*WHAT YOU ARE ASKED TO DO*: Give an exact reproduction of the lines from the one with "Rolex Day Date" to the final line of the entries below, both ends included, and omit the pictures.

*INPUT RECORDS*:
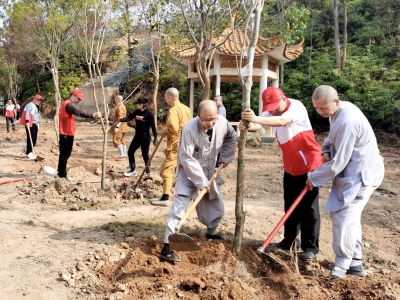 五华县委统战部开展“同心聚力绿美五华”植树活动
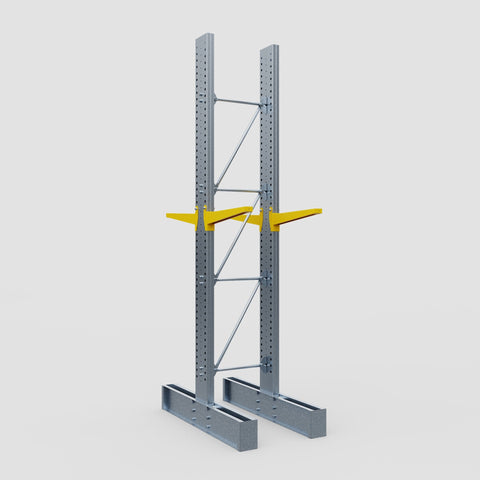 Cantilever Rack - Double Sided - Ultra Heavy Duty - Powder Coated - Full Bay - Height 4877mm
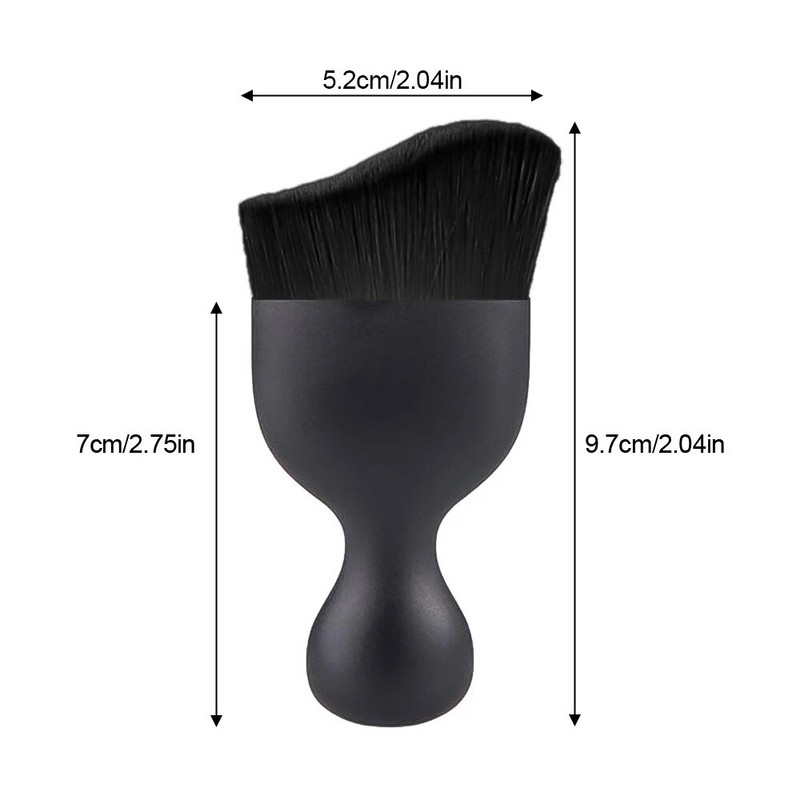 Autóbelső tisztítókefe Középkonzol Tisztítóeszköz Levegőkimenet Tisztító Puha Kefe Shell Autórés Poreltávolító Kefe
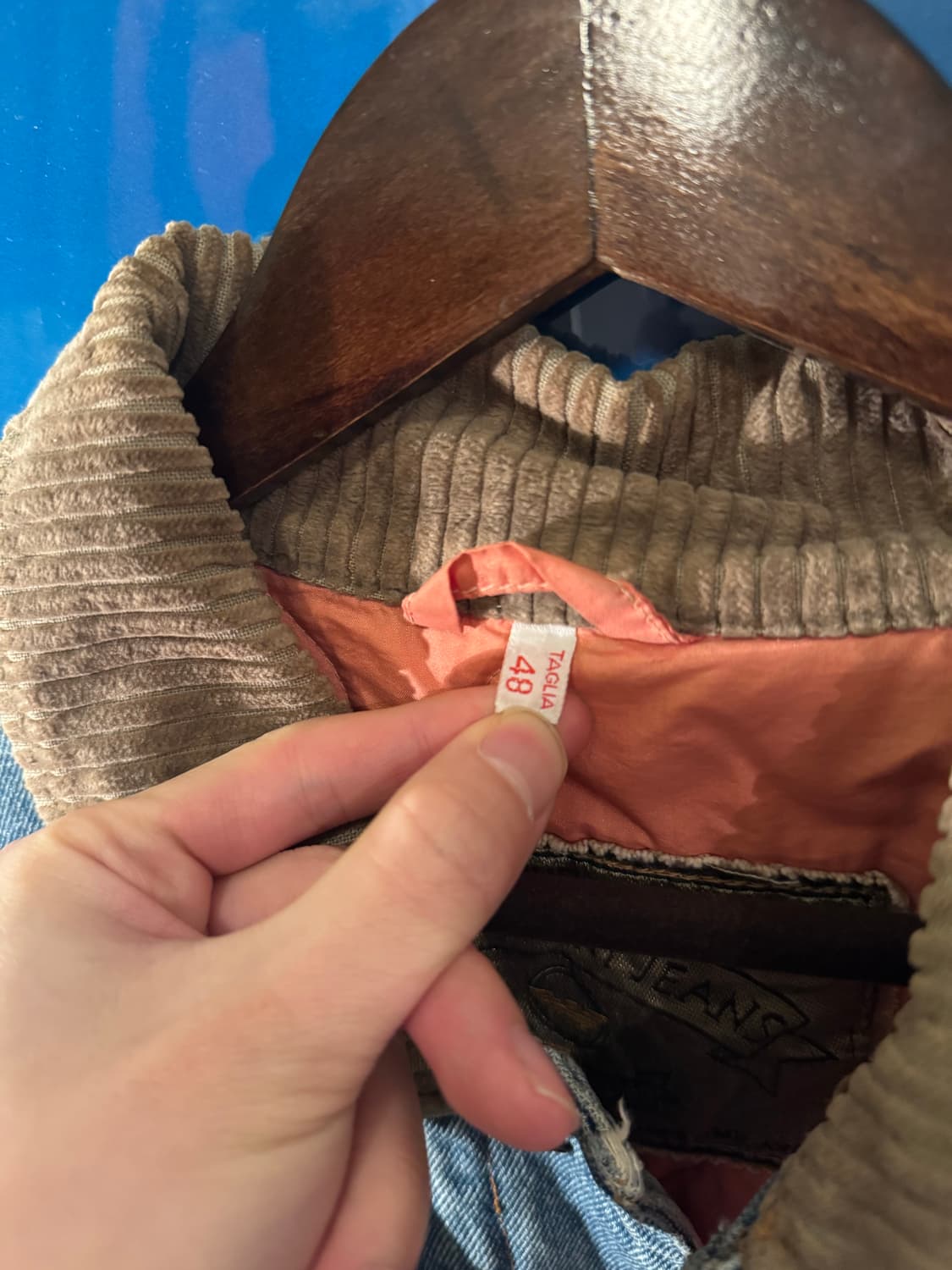 80s armani jeans jacket (48) 상품이미지6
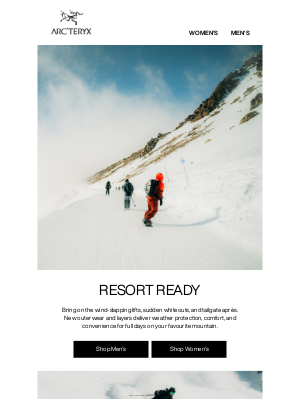 Arc’teryx - The New Resort Collection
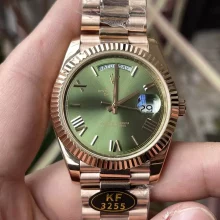 Rolex Day Date 40 RG 228235 KF 1:1 Best Edition Green Roman Dial on President Bracelet (Gain Weight)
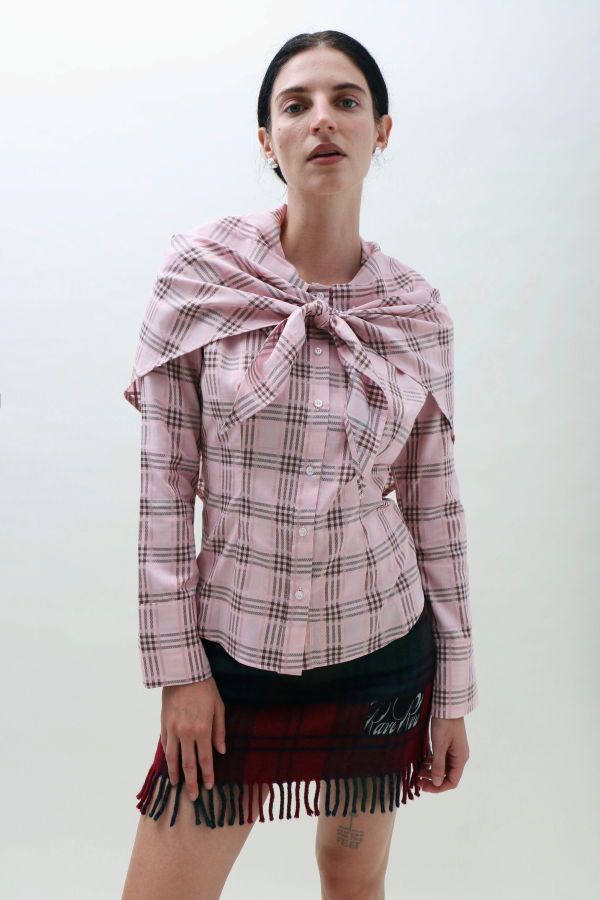 Rave Review Anne Top - Pink Plaid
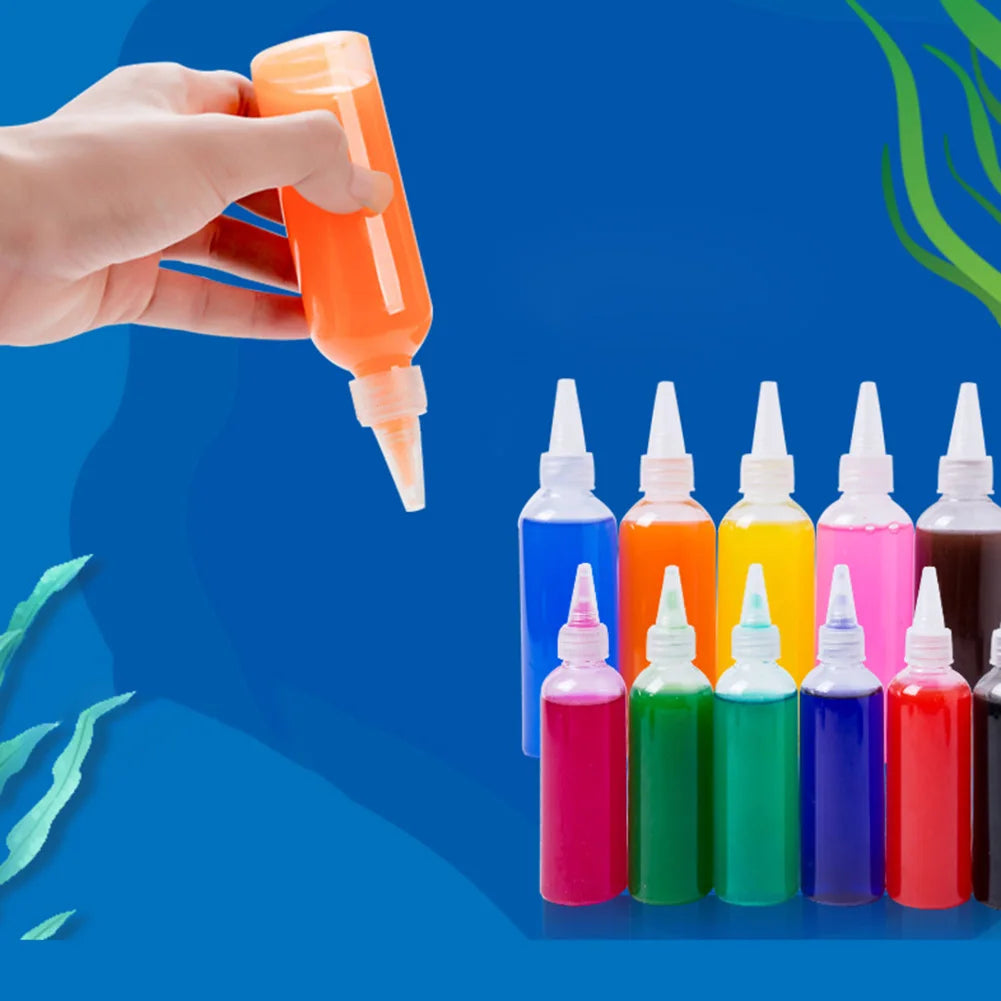 DIY Magic Water Elf Toys Kids Handmade Craft Painting Stickers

*SOLUTION TO THIS PROBLEM*:
 Rolex Day Date 40 RG 228235 KF 1:1 Best Edition Green Roman Dial on President Bracelet (Gain Weight)
 Rave Review Anne Top - Pink Plaid
 DIY Magic Water Elf Toys Kids Handmade Craft Painting Stickers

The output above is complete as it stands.